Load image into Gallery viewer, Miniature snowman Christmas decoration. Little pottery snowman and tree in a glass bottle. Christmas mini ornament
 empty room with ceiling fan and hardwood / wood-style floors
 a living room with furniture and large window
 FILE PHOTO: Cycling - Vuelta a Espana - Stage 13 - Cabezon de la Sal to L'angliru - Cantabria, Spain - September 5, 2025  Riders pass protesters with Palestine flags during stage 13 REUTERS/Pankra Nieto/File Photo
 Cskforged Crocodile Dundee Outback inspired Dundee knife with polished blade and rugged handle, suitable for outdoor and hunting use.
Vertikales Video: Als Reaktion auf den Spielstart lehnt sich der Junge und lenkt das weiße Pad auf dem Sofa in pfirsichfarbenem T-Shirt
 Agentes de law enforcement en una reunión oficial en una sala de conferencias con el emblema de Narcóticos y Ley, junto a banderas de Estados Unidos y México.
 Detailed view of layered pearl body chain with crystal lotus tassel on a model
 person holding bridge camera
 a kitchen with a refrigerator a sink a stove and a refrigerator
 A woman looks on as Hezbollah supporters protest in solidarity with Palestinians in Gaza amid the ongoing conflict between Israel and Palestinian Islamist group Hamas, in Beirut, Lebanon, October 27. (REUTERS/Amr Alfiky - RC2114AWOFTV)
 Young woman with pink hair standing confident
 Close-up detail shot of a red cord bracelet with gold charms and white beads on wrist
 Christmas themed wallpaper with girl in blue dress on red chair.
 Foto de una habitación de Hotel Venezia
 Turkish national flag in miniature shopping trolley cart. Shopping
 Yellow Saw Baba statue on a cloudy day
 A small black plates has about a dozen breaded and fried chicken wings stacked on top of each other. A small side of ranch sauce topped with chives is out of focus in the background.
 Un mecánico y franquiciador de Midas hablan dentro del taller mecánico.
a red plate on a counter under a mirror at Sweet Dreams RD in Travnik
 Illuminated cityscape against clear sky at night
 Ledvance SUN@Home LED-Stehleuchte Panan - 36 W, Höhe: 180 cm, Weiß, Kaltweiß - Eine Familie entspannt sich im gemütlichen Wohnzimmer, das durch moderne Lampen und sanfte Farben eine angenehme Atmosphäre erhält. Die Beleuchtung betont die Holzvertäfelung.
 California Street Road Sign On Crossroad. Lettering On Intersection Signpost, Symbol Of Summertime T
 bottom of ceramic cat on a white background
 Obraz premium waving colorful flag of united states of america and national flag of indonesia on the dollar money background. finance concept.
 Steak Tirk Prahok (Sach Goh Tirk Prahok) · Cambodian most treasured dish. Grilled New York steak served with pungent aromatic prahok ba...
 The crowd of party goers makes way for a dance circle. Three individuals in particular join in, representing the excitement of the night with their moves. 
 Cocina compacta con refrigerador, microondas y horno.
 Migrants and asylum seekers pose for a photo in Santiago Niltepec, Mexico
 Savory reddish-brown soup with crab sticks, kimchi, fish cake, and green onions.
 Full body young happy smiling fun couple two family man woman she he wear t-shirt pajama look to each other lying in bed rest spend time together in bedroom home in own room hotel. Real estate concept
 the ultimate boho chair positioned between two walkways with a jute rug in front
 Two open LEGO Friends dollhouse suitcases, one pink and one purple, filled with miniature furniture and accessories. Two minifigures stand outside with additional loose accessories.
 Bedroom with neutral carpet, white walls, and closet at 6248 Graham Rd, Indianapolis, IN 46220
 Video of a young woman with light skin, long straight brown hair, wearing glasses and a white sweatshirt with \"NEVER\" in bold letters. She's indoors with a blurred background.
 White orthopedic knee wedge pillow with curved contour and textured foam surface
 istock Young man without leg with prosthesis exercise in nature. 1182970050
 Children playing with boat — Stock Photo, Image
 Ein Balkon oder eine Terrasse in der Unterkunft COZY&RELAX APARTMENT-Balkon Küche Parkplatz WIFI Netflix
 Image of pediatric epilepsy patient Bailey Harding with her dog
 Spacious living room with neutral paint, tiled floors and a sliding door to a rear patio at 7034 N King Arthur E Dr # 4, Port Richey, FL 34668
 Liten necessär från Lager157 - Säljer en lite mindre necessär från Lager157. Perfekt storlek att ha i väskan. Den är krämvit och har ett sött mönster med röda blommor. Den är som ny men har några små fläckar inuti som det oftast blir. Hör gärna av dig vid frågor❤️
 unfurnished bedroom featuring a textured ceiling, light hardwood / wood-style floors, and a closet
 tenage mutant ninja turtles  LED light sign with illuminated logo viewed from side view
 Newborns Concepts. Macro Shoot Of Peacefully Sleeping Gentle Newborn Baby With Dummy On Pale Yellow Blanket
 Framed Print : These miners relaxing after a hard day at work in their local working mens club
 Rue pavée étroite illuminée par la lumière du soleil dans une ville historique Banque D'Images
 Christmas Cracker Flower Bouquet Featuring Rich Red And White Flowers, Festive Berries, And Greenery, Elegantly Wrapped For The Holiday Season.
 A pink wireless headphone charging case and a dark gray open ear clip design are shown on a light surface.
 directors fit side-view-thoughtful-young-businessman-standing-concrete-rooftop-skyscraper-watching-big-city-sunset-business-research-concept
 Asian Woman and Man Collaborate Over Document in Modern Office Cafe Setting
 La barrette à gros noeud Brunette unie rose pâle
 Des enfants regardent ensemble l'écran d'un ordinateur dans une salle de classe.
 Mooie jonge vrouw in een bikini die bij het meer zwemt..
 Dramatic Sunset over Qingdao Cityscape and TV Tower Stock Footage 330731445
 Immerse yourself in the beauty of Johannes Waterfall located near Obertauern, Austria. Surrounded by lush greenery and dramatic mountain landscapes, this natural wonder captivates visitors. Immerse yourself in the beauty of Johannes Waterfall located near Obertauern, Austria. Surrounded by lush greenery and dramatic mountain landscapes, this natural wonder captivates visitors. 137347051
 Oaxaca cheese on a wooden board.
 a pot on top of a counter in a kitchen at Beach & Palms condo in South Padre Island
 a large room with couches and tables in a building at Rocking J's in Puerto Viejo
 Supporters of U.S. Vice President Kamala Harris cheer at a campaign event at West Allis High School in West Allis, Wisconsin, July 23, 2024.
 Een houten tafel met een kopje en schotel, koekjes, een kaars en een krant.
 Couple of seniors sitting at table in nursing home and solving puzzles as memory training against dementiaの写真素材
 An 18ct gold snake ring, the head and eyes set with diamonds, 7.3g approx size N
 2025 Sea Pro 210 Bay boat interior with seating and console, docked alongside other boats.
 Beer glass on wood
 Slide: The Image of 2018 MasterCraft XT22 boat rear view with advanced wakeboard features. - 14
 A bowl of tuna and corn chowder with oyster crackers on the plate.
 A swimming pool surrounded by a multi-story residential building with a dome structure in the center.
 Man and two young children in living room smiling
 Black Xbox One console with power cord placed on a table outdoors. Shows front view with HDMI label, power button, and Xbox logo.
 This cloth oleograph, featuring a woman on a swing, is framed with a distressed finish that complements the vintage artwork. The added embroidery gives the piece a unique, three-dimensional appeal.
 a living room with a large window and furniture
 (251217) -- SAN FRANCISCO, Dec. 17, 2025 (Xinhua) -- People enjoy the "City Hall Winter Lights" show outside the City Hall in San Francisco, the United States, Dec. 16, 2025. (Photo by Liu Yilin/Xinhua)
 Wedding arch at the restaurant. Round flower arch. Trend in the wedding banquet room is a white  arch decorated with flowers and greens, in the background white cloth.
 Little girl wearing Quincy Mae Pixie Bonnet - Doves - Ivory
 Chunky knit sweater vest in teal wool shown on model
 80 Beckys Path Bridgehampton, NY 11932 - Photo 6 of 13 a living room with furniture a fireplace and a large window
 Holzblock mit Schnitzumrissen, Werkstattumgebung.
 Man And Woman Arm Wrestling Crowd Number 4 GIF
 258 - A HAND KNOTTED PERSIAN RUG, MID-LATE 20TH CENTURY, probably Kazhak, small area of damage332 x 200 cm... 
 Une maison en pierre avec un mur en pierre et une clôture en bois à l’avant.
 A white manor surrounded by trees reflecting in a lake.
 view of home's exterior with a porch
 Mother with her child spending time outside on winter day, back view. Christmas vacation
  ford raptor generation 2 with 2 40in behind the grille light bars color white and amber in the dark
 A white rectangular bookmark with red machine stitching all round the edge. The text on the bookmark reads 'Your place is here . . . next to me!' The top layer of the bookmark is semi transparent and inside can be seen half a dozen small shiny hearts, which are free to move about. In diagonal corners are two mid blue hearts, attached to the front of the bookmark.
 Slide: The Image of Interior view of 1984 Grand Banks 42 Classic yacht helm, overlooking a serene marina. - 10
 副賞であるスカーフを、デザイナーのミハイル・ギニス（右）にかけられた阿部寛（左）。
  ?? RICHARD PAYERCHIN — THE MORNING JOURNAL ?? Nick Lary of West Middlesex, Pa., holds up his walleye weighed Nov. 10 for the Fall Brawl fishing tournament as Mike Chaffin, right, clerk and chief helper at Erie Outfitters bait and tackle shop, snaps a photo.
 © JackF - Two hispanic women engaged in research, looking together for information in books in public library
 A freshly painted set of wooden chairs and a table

###

» **ASSIGNMENT**: Exact duplication is required for the lines above, from the line that contains "Wedding arch at" to the line that contains "258 - A HAND", inclusive; omit all others.

» **REPLY TO THE TASK**:
 Wedding arch at the restaurant. Round flower arch. Trend in the wedding banquet room is a white  arch decorated with flowers and greens, in the background white cloth.
 Little girl wearing Quincy Mae Pixie Bonnet - Doves - Ivory
 Chunky knit sweater vest in teal wool shown on model
 80 Beckys Path Bridgehampton, NY 11932 - Photo 6 of 13 a living room with furniture a fireplace and a large window
 Holzblock mit Schnitzumrissen, Werkstattumgebung.
 Man And Woman Arm Wrestling Crowd Number 4 GIF
 258 - A HAND KNOTTED PERSIAN RUG, MID-LATE 20TH CENTURY, probably Kazhak, small area of damage332 x 200 cm... 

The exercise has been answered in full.